Here is my answer: everything.
You see, a human being is not just an emotion. He is not just a job. He is not just a farmer or a manager. He is not just a mathematician. He is not even just a composer or a writer. This can be difficult to keep in mind when the things we “do” dominate our lives and effect them so tremendously. It is easy to focus on the parts of ourselves when those parts are what bring us fulfillment or put food on the table or make us feel like life is worth living. And when those parts are stolen from us it can leave us physically and emotionally empty. It can make us feel worthless.
But we have to remember that we are greater than the sum of our parts. Greater than our many parts is our very core, our human spirit— the director of the will.
Viktor Frankl writes in his incredible memoir of his time in Auchwitz, Everything can be taken from a man but one thing; the last of the human freedoms— to choose one’s attitude in any given set of circumstances, to choose one’s own way.

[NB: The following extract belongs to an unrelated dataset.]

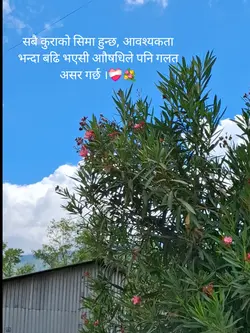 Radhe radhe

All of us, to greater and lesser degrees, are experiencing the takeover of technology. And in this experience we have a choice. We can choose to obsess over it— fight, desperately— insist on remaining in the past, insist on inefficiency— simply because we don’t want the computers doing it. But I think this extreme approach usually backfires. Personally, I have found that when I feel most frustrated about technology and my reliance on it, when I get the most caught up in it and irritated by it, is when I obsessively rely on it the most. It is the paradox of scrolling when you know you should stop scrolling but you’re already scrolling so you keep scrolling. You keep letting it suck your soul because you’re worried you don’t really have a soul. You give up on living real and you live vicariously because you don’t think you can really live.
But you can always live. Technology doesn’t have to suck your soul. The only way our phones and our computers and the one-day-chip-in-our-brain will ever suck our souls is if we let them. We have the choice to continually evaluate the life presented to us— to embrace the good, and reject the bad. If using my phone too much stunts my emotional growth or messes up my attention span then I should cut the phone use. But if my phone can one day compose beautiful music than so be it. It’s okay to accept the beautiful music. If my computer learns to rewrite this article (while it would take a whole lot of pain and humility for me to get there) I would have to accept that reality, and keep on writing anyway if it brings me joy. Fighting technology simply because it can do what we do ironically gives the technology too much power and, moreover, misunderstands the nature of our human worth.
In the end, we don’t know where exactly this takeover is going to lead us— and while I do believe that many people will be tempted to abandon their humanity, and some will do so, I am confident that we will always retain the choice not to. I am confident that I will still be able to direct my will— direct my will to live and to live well. I am confident that I will always have a choice through any takeover, be it like some sci-fi artificial intelligence horror movie or be it the simple fact that I feel the need to pull my phone out at any moment of silence or inactivity. I have a choice. Then, and now. And I can choose right.